Task objective: All of the data should be reproduced word for word, though its pictures must be omitted.

Supplied data:
════════════════════

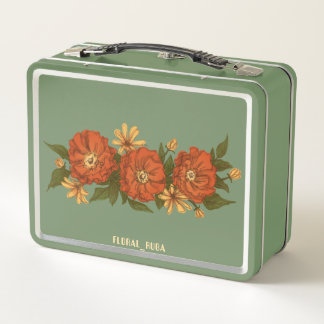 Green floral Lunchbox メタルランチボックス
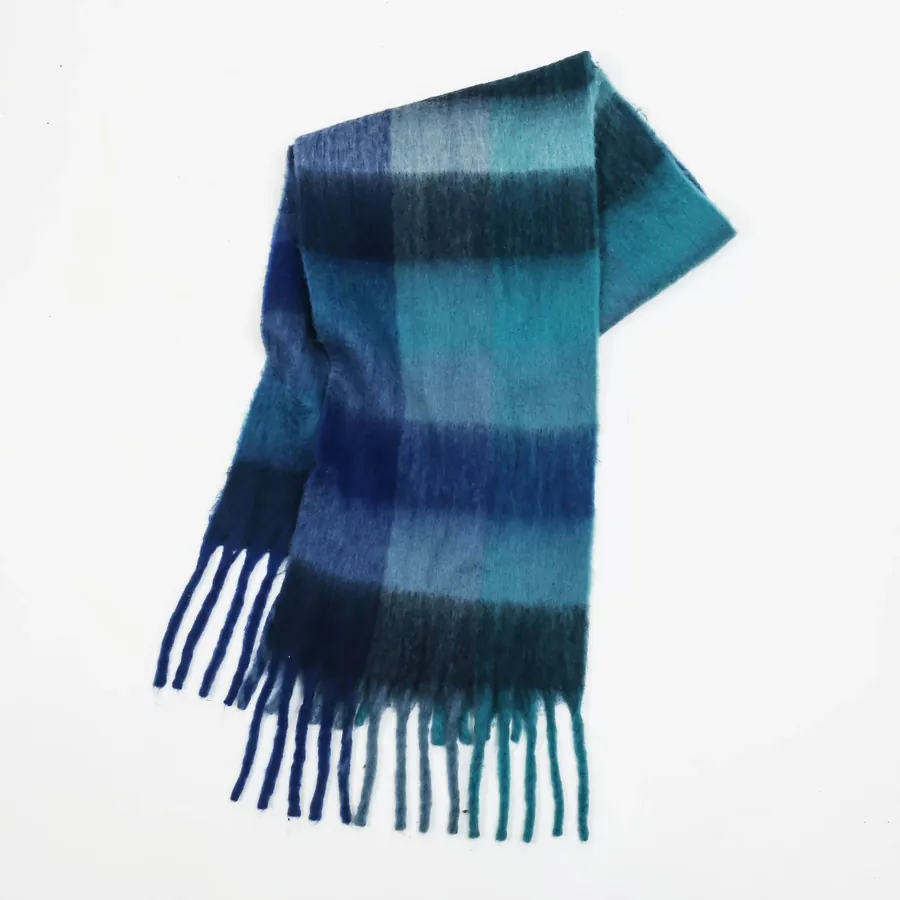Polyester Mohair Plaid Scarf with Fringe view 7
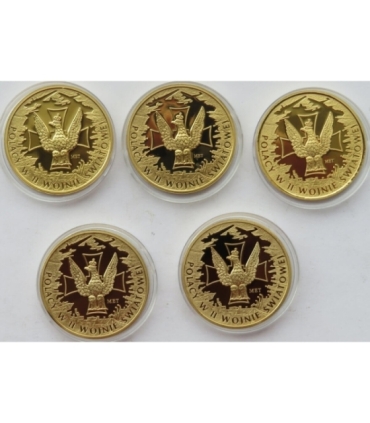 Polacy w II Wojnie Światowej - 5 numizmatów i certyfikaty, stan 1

════════════════════

Exercise answer:
 Green floral Lunchbox メタルランチボックス
Polyester Mohair Plaid Scarf with Fringe view 7
 Polacy w II Wojnie Światowej - 5 numizmatów i certyfikaty, stan 1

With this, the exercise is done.